This should be read with that which is recorded in paragraphs
29 and
40 of the judgment.
5.
In terms of section 17 of the Superior
Courts Act, 10 of 2013:
“
(1)
Leave to appeal may only be given where the judge or judges concerned
are of the opinion that -
(a)
(i) the appeal would have a reasonable
prospect of success; or
(ii) there is some other
compelling reason why the appeal should be heard, including
conflicting judgments on the matter under consideration;
(b)
…”
6.
The ground listed in s 17(1)(a)(ii) was not
pursued at the hearing.
7.
In
S
v Smith
,
[3]
it was stated that in deciding whether there is a reasonable prospect
of success on appeal, there must be ‘
a
sound, rational basis for the conclusion that there are prospects of
success on appeal.
’
As the court explained, a
mere
possibility of success, an arguable case or one that is not hopeless,
is not enough.
In
Dexgroup,
[4]
the
SCA cautioned that the ‘
need
to obtain leave to appeal is a valuable tool in ensuring that scarce
judicial resources are not spent on appeals that lack
merit.
’
In
Kruger
v S,
[5]
the
Supreme Court of Appeal reiterated the need for a lower court to act
as a filter in ensuing that the appeal court’s time
is spent
only on hearing appeals that are truly deserving of its attention and
that the test for the grant of leave to appeal should
thus be
scrupulously followed.
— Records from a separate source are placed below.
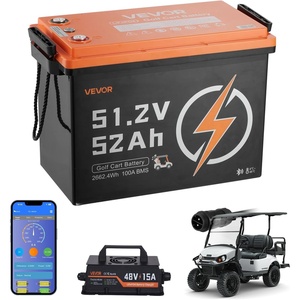 image:imageVEVOR 48V 512V 52AH Lithium Golf Cart Battery with 15A Charger Lifepo4 Battery Kit Builtin 100A BMS 4000 Cycles 2C Discharge Rate Bluetooth amp Mobile APP for Golf Carts Trolling Motors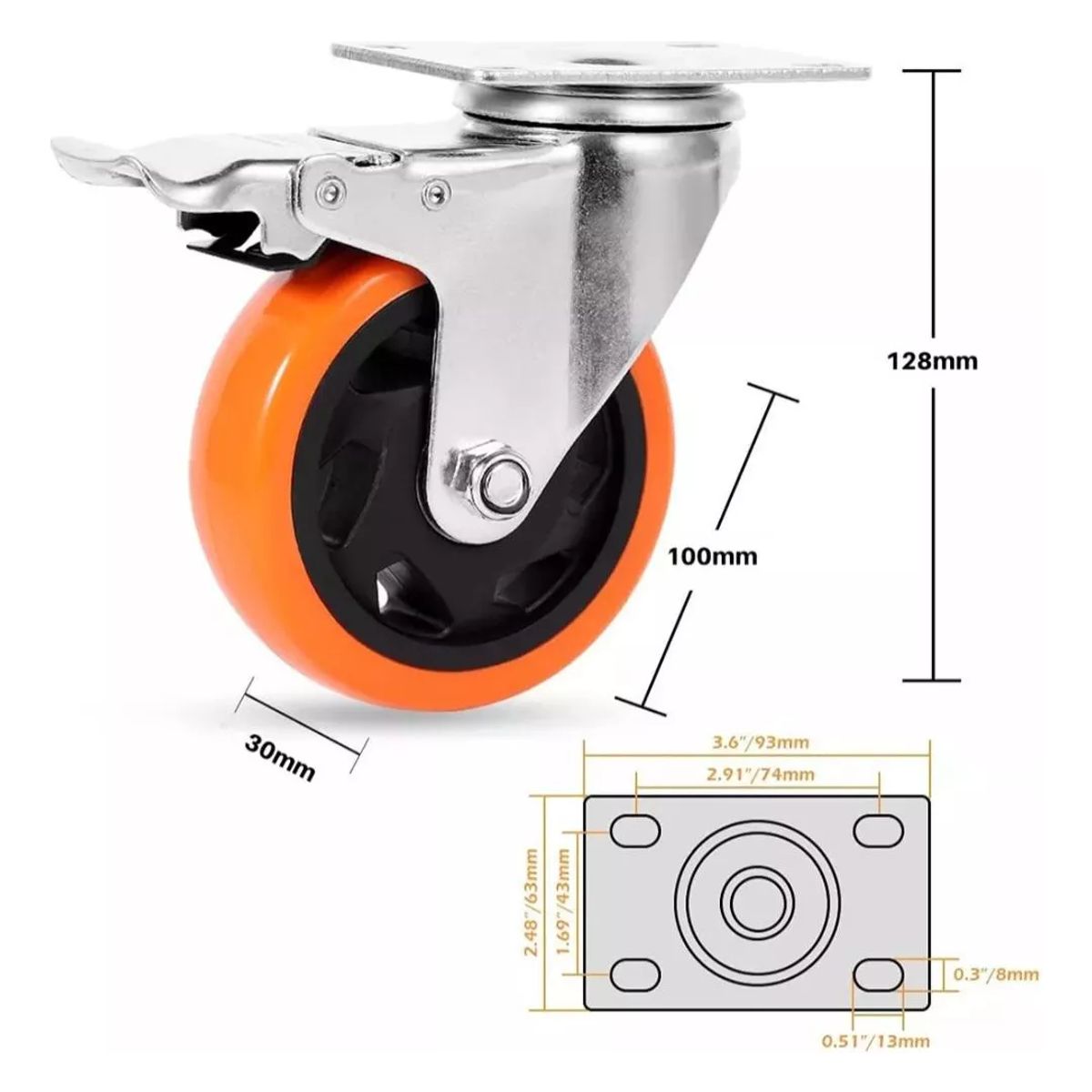 GENERICO - Pack 2 Ruedas Para Carros Muebles Frenos 4 Pulgadas 300 Kg Naranja - 329006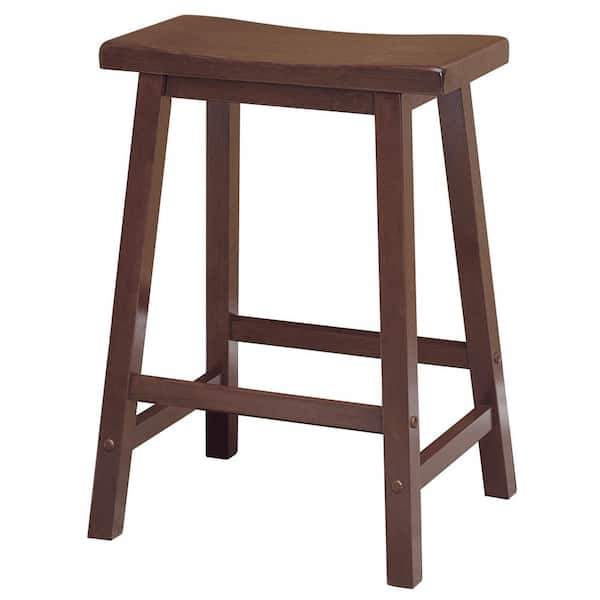 WINSOME WOOD Satori 24 in. Saddle Seat Walnut Counter Stool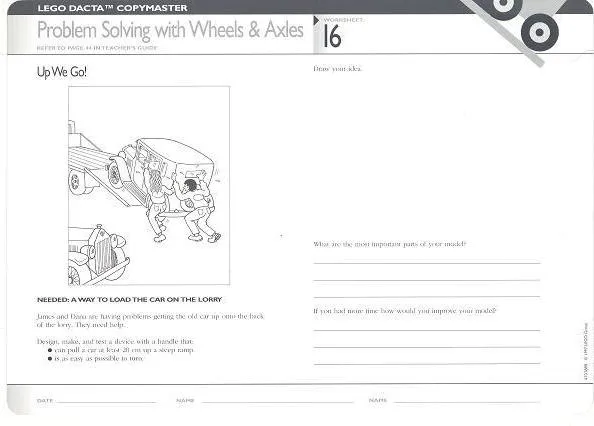 Set 9631 Worksheet Copy Master for Activity 16 - Problem Solving with Wheels and Axles - Up We Go!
In order to meet the test for the grant of
leave to appeal, ‘
more
is required than the mere ‘possibility’ that another
court might arrive at a different conclusion.’
Quoting
from
Smith,
the
court went on to state that it is not enough that the case is
arguable on appeal or not hopeless, instead the appeal must have
‘
a
realistic chance of succeeding.’
More
recently, in
Ramakatsa,
[6]
the Supreme Court of Appeal, again affirming what was stated in
Smith,
stated
that
‘
The
test of reasonable prospects of success postulates a dispassionate
decision based on the facts and the law that a court of appeal
could
reasonably arrive at a conclusion different to that of the trial
court. In other words, the appellants in this matter need
to convince
this Court on proper grounds that they have prospects of success on
appeal. Those prospects of success must not be
remote, but there must
exist a reasonable chance of succeeding. A sound rational basis for
the conclusion that there are prospects
of success must be shown to
exist
.’
8.
The
same arguments proffered by the defendant at trial for why it
contended that factual causation had not been proven by the plaintiff
(as recorded in paragraphs 96; 99 and 109 of the judgment) were
pursued by it at the hearing of the application for leave to appeal.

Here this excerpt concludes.